There are several ways to approach this challenge. For the sake of simplicity, here are the main intuitive ones:
- AI vs. Human Content Detection Model: This involves training a model to distinguish between AI-generated and human-generated texts. Essentially, AI and human-produced content are treated as two distinct classes. The model learns the patterns that set each class apart. However, with advanced models like GPT-4, the distinction becomes challenging since these models excel at mimicking human writing.
- Watermarking Generated Content: Here, a subtle ‘signature’ is added to AI-generated text. For instance, ChatGPT could be programmed to produce text with a specific token distribution that serves as a watermark. On the surface, this seems straightforward. But problems arise if users modify the generated text.… In a nutshell, this a fundamental problem (mathematical speaking) and can be summarized as “If you manipulate the model to introduce a certain detectable bias: how can you detect that probability of (biased) sequence of words, if that sequence is altered?”. Well… with no additional hypothesis, you can’t.
This doesn’t mean that it’s impossible to detect in all scenarios ; Actually the best detectors are usually very reliable if you’re looking at a binary problem where it’s either a human written content or a fully AI written content.

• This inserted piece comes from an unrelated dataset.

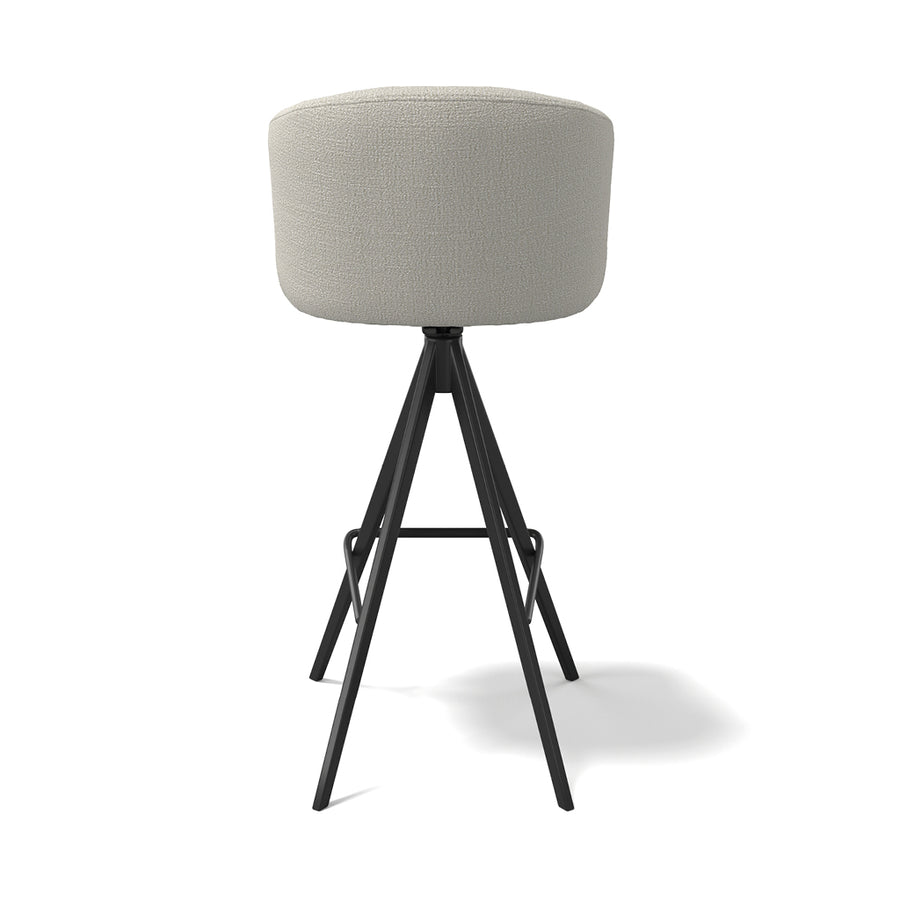 Lazio bar stool natural Oasis back view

Yet, in the common case of an AI assisted text generation, the detector can’t be trusted anymore…
Conclusion
The rapid advancements in AI-driven content generation have ushered in a new era of information dissemination, but not without its challenges. The intricacies of distinguishing between human and AI-generated texts are proving to be a formidable task, even for the most sophisticated detectors like GPT Zero. The risks of relying on imperfect tools are high, from tainting a professional’s credibility to compromising academic integrity. The fine line between human expression and AI-generated content is constantly blurring, making the distinction even more intricate. While certain scenarios might allow for some level of detection accuracy, the hybrid nature of AI-assisted text presents an altogether different challenge. The journey towards building a robust, foolproof AI content detector is still ongoing, and while we may see improvements, it is imperative to approach this technology with caution, awareness, and a keen sense of responsibility.